→ ASSIGNMENT
In this exercise, return the whole listing exactly, excluding any images.

→ GIVEN INFORMATION
>>>

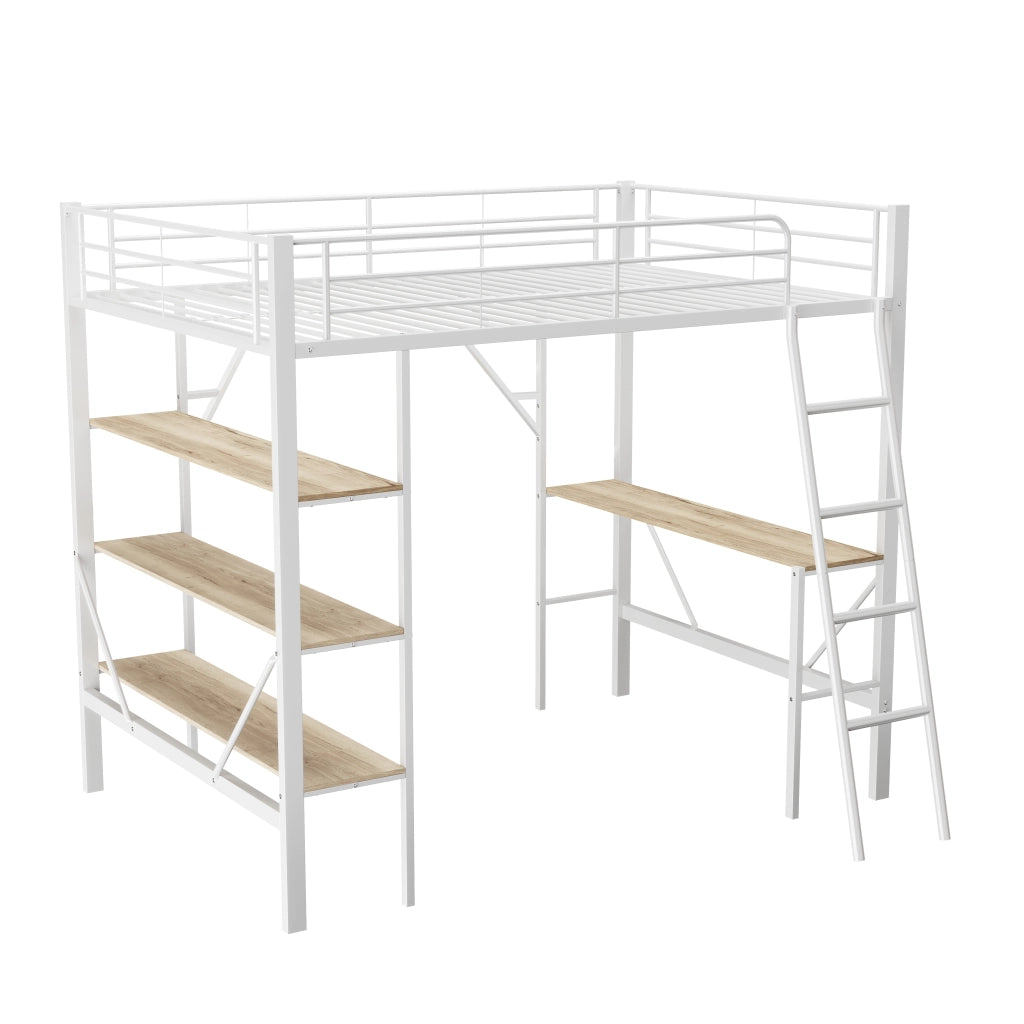 Letto a soppalco bianco 90x200 cm con scrivania e 3 scaffali in metallo e MDF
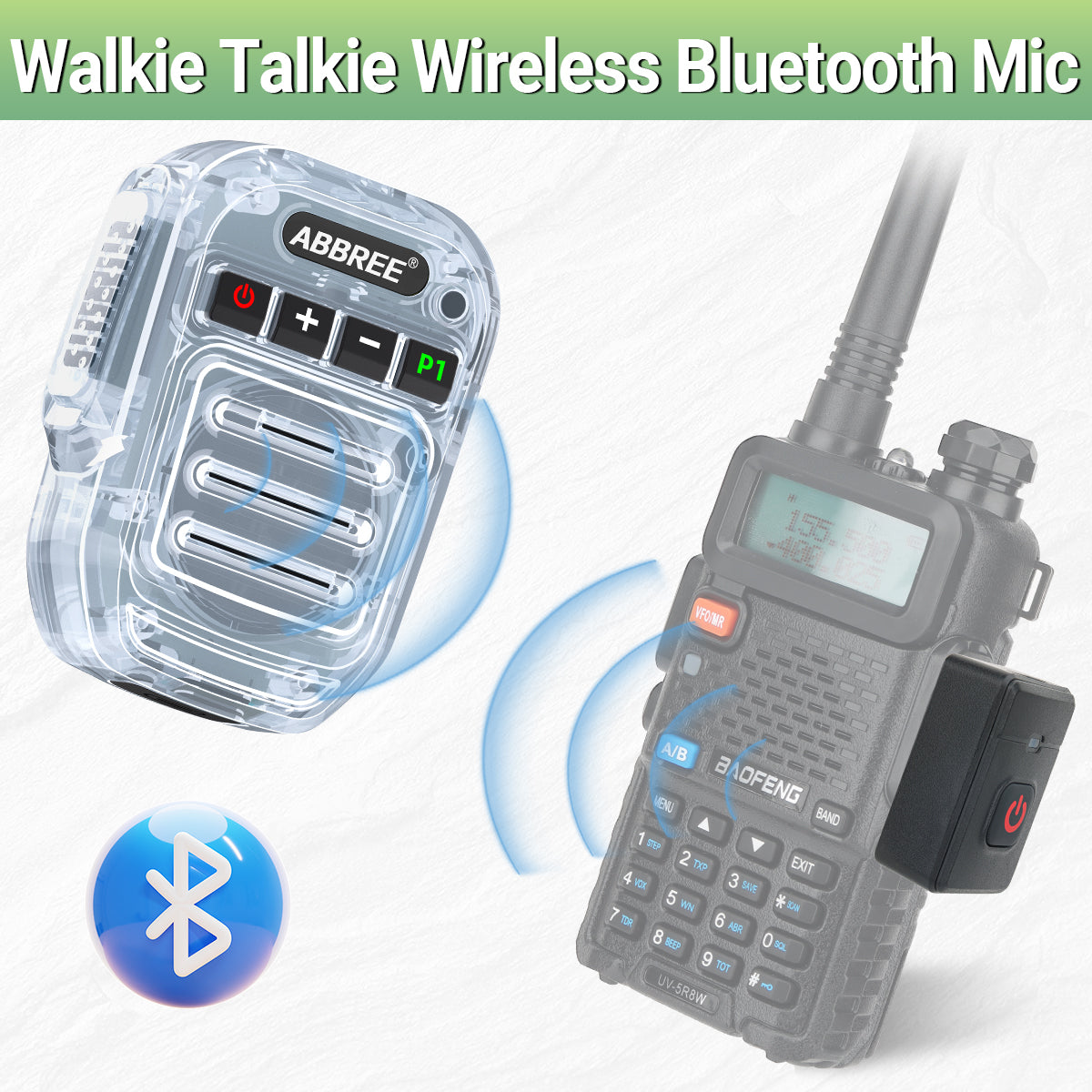 ABBREE Wireless Bluetooth Speaker Microphone Handheld Mic Type-C High Power Baofeng UV-5RH 21 Quansheng UV-K5(8) Walkie Talkie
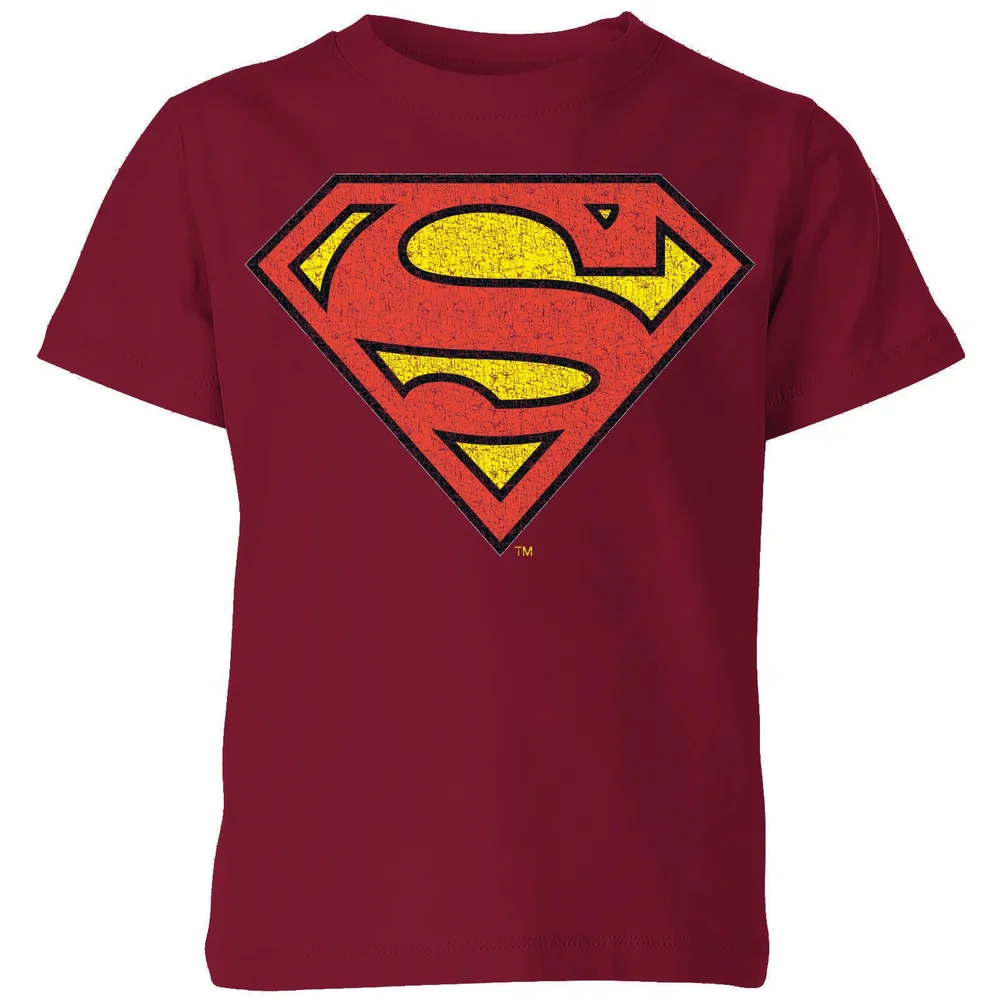 Official Superman Crackle Logo Kids' T-Shirt - Burgundy - 3-4 Years Image 1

<<<

→ OUTPUT FOR THIS EXERCISE
 Letto a soppalco bianco 90x200 cm con scrivania e 3 scaffali in metallo e MDF
 ABBREE Wireless Bluetooth Speaker Microphone Handheld Mic Type-C High Power Baofeng UV-5RH 21 Quansheng UV-K5(8) Walkie Talkie
 Official Superman Crackle Logo Kids' T-Shirt - Burgundy - 3-4 Years Image 1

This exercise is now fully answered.